═════ The data ═════
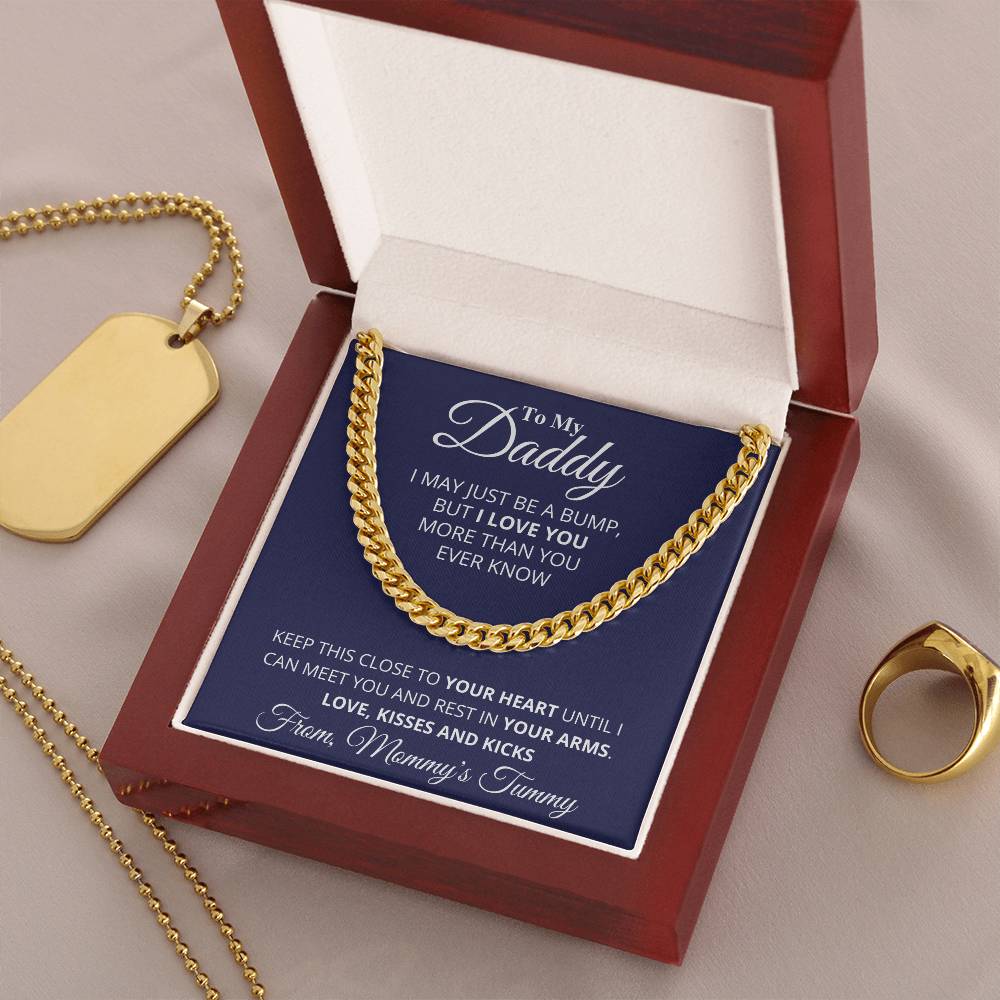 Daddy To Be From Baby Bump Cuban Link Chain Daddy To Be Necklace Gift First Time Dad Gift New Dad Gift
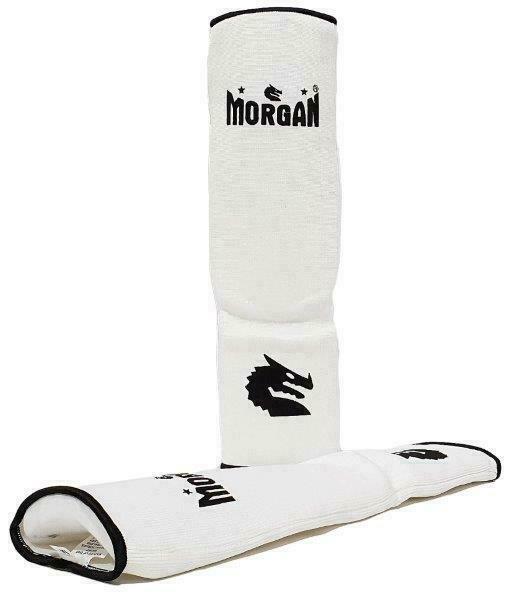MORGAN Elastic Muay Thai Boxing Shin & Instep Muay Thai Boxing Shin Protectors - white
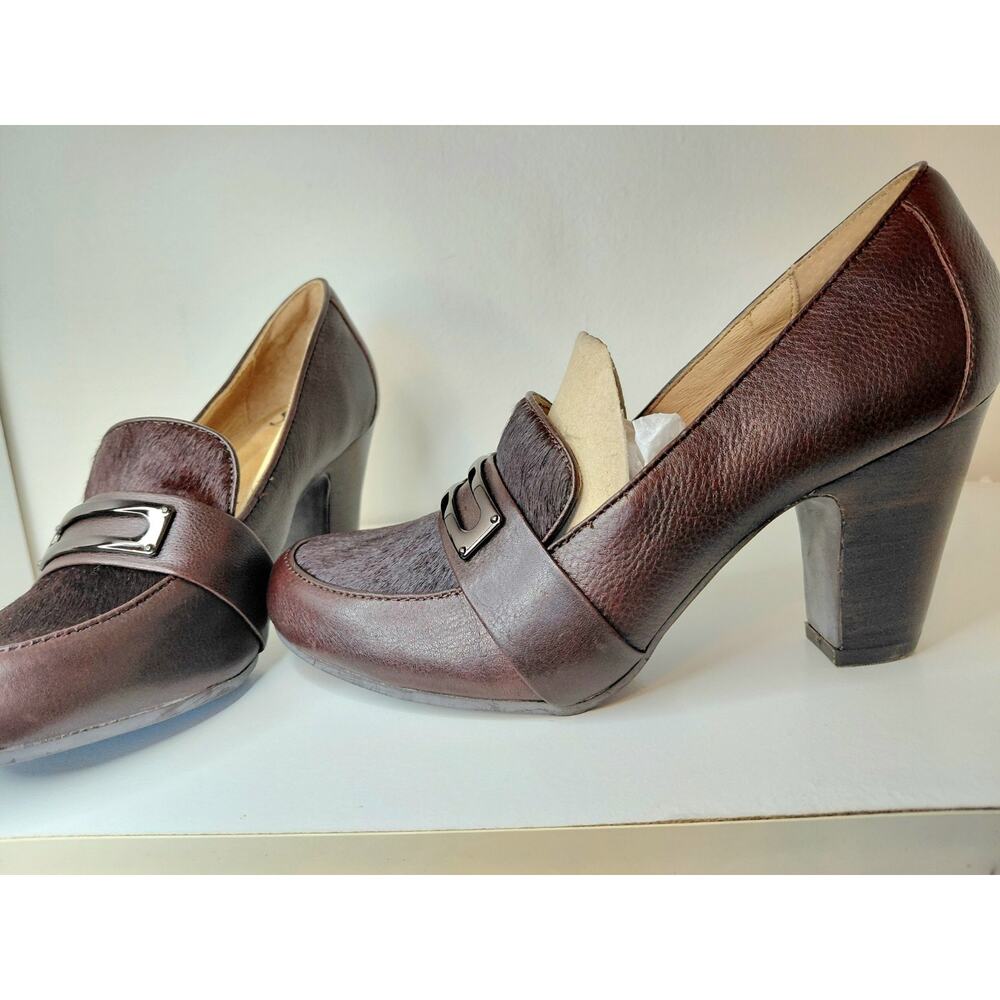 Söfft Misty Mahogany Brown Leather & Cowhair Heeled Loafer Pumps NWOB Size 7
═════
Instructions for the task: Give the listing above again in its entirety and exactly; do not include the pictures.

Task solution:
 Daddy To Be From Baby Bump Cuban Link Chain Daddy To Be Necklace Gift First Time Dad Gift New Dad Gift
MORGAN Elastic Muay Thai Boxing Shin & Instep Muay Thai Boxing Shin Protectors - white
 Söfft Misty Mahogany Brown Leather & Cowhair Heeled Loafer Pumps NWOB Size 7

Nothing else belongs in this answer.